O enredo de Os Quatro Rios ramifica-se a partir da personagem de Albano, que embarcou ainda criança para o Rio de Janeiro com o seu irmão Joaquim. Albano é descrito como «a ovelha negra» dentre os seus cinco irmãos, «um jogador nato» em cujas mãos as cartas de jogar se tornavam «personagens vivas». Ele desloca-se entre o Rio de Janeiro, o Porto e a casa rural de família, sempre com uma presença no destino das outras personagens, de relações familiares. Destas destacam-se as suas irmãs, Maria e Teresa; Justina, a mãe; a tia Ana Maria e sua filha Glaura e o seu filho Clemente, que tomou «um dia posição nas letras».

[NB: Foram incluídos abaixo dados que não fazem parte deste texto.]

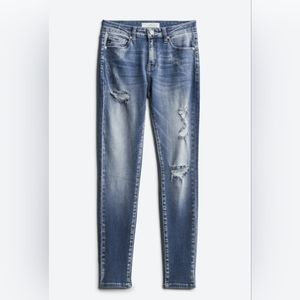 Kan Can Annalise Mid Rise Distressed Scissor Hem Skinny Jean size 14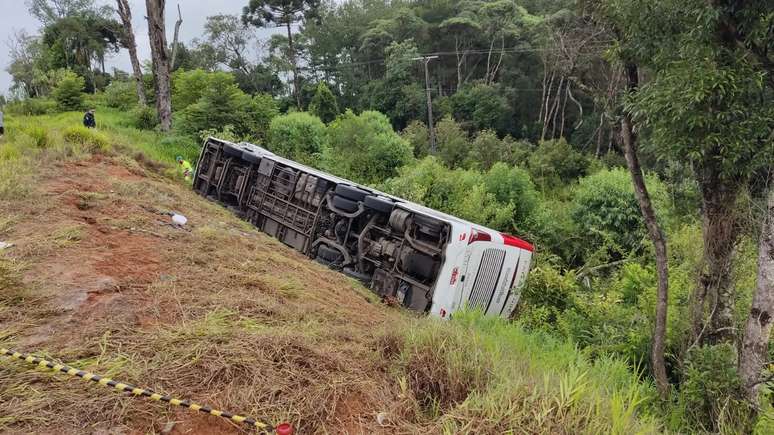 Acidente com ônibus deixa 7 mortos no Paraná 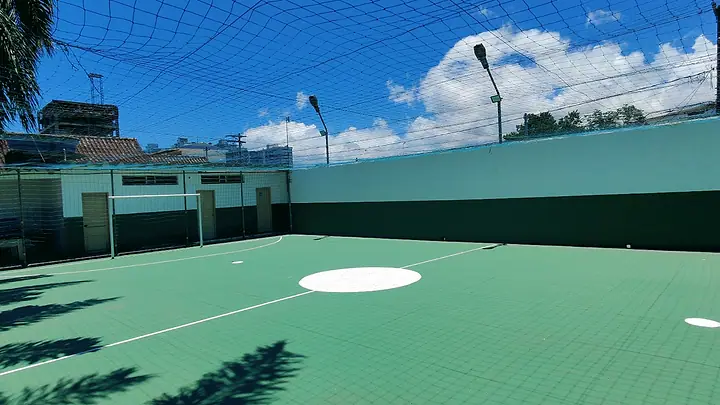 Quadra verde cercada por tela, ao ar livre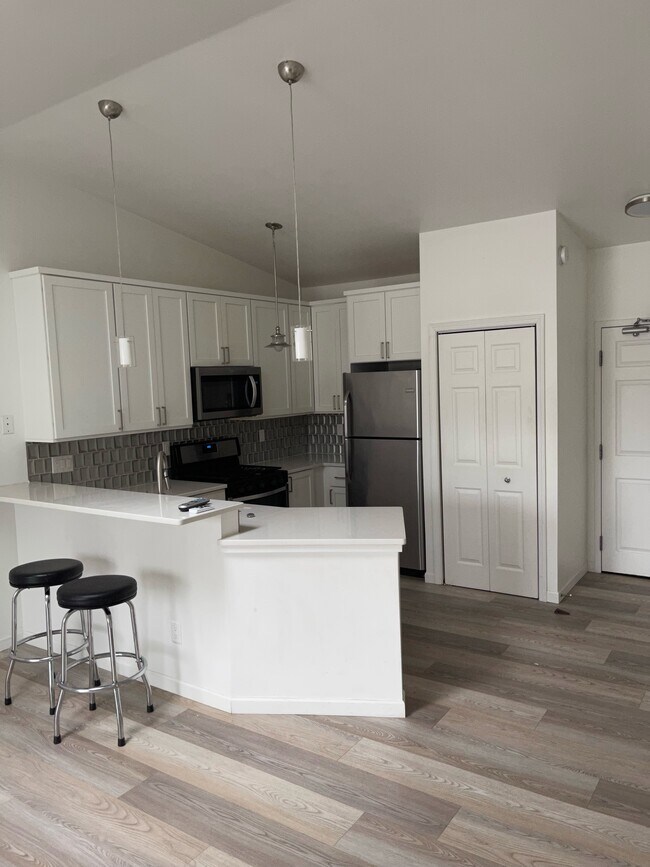 6025 Monona Dr Rentals in Monona, WI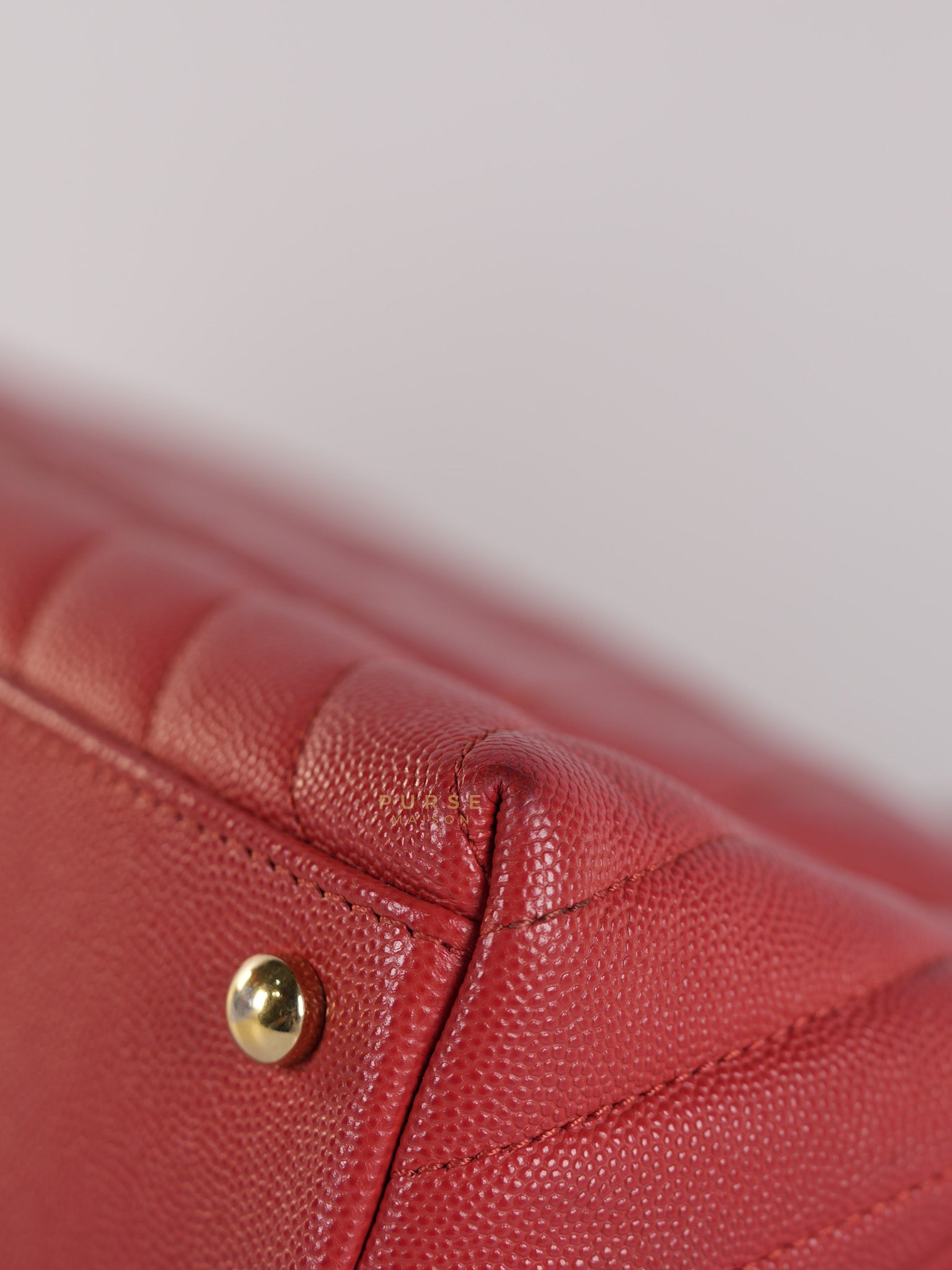 Coco Handle Medium in Red Caviar Leather & Gold Hardware(Series 29) | Purse Maison Luxury Bags Shop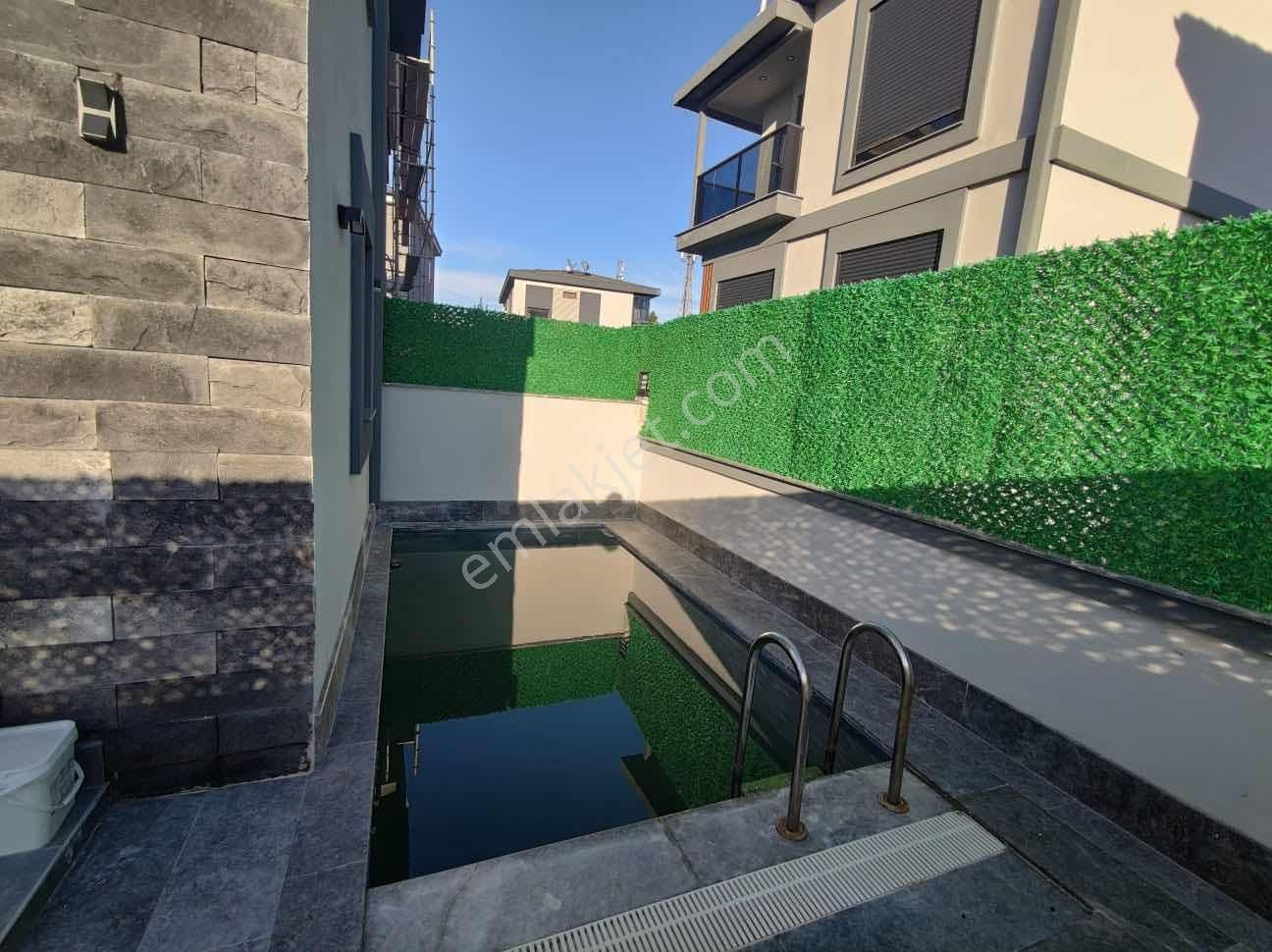 Qzen Gayrimenkul'den Barbaros Mahallesinde 3+1 Havuzlu Villa - Görsel 8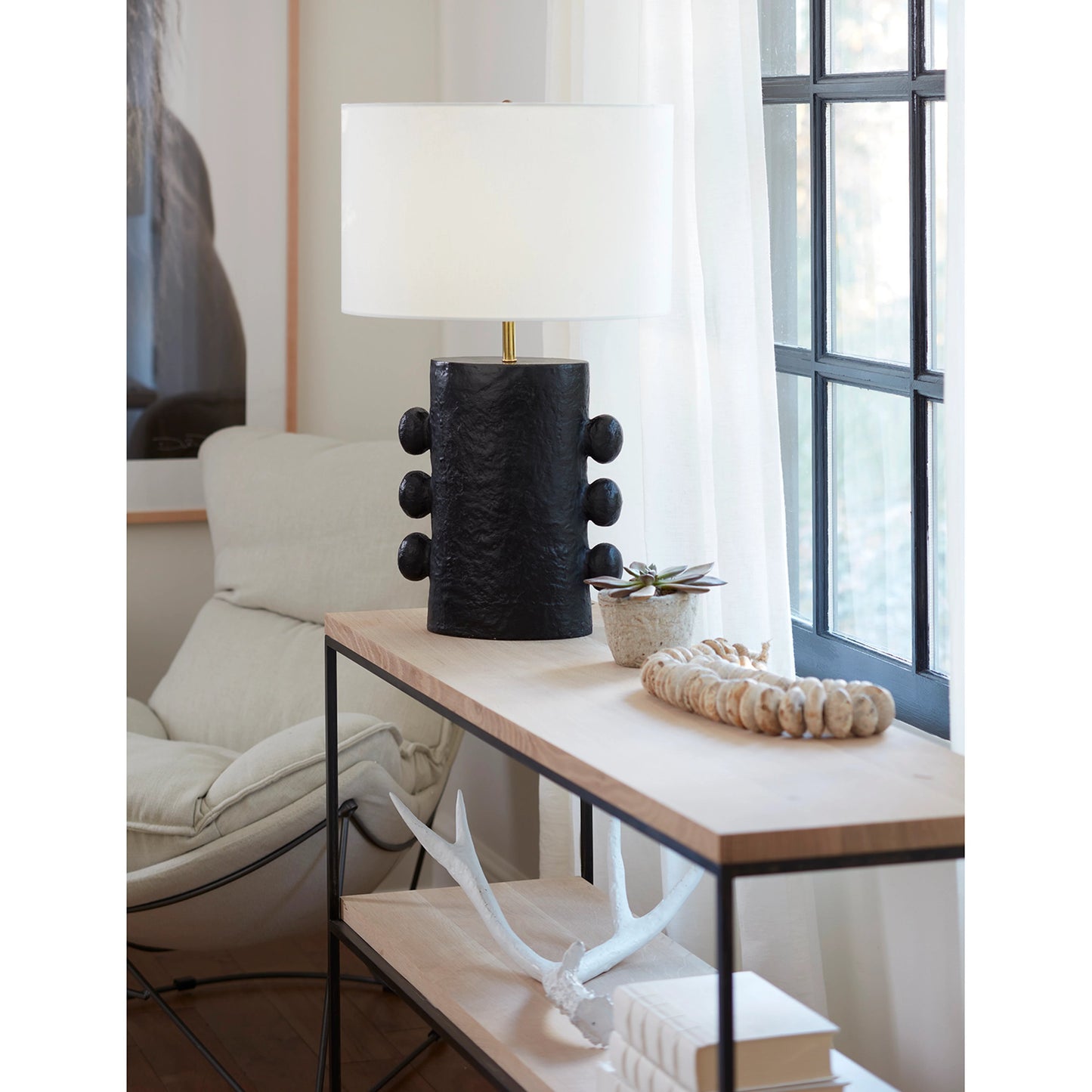 001 SI-1949062 | Lifestyle | Maya Table Lamp by Regina Andrew. Made from aluminum in a modern style.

Os Quatro Rios conduz o leitor a um espaço rural e a outro citadino, no caso, as regiões de Entre-Douro e Minho e a cidade do Porto, ou ainda as paisagens brasileiras, em particular, o Rio de Janeiro.
É na região de Vila Meã que começamos por evocar o narrador de Os Quatro Rios: «[um] grande vale que brilhava de nevoeiros nocturnos e percebiam-se a custo telhados e a negra vara de pinheiros. Um vale como que calcado por uma imensa mão que ajuda o corpo a levantar-se da terra; e havia sobre ele um vibrar de suspiros, ladridos, estalar de lenhas, dobrado salto das águas que correm da frialdade hostil do crepúsculo de Inverno.»
Neste vale estão construídas «muitas casas solarengas ou de grande lavoura edificadas sobre as colinas, nos cômoros pouco elevados à margem das ribeiras e donde se avistam aldeias inteiras, varadas de ladridos de cães, do chiar dos carros que avançam como esculpidos em lama seca».
E o narrador prossegue identificando «uma dessas casas» como sendo a casa de família de Albano, e onde se desenrolam vários momentos deste enredo. Neste excerto Albano visita Portugal vindo do Brasil, no mês de Maio de 1912. A casa, com «um correr de janelas de guilhotina, quadradas e pouco maiores que a boca duma rasa, aparecia, sem ornamentos além dum pé de vinha na sacada pavimentada de lousa, num pequeno cimo terraplanado nas suas eiras, quinteiros e tanques agaloados de velhos renques de tulipas; fazia um pouco de vento e era nessa hora, bela entre todas, em que escurece o sol de Maio e as cerejas negras parecem gotas de sangue coagulado nos ramos».
Situa-se no Porto, na Rua de Costa Cabral, a casa da excêntrica tia de Albano, Ana Maria, e mãe de quatro filhas, a mais velha Glaura, que «teve longa vida e terá de ser uma personagem central desta história». A casa onde viviam aparece descrita como uma quinta de recreio de três pisos e que «estava revestida de dez mil e seis azulejos verdes, nem menos um; possuía preciosas esquadrias fenestrais de cantaria, e creio que quatro urnas flamínias animavam o seu frontispício». Esta casa seria mais tarde arrendada a cônsules americanos.
O casal Clemente, filho de Ana Maria, e Arminda vivia numa casa na Rua Formosa, sob a protecção do tio de Clemente, Albano, que os recebeu num prédio onde instalara um clube de jogo «recamado de espelhos, de colunas de gesso, de mármores negros desde as barbearias aos bufetes». Clemente e Arminda ficaram nesta casa por «empréstimo», «sem futuro determinado», embora Clemente procurasse um futuro nas letras.
Nos dois romances seguintes, que completam esta trilogia, acompanhamos o desenrolar da vida destas personagens, e de outras que vão surgindo, nestes e noutros locais.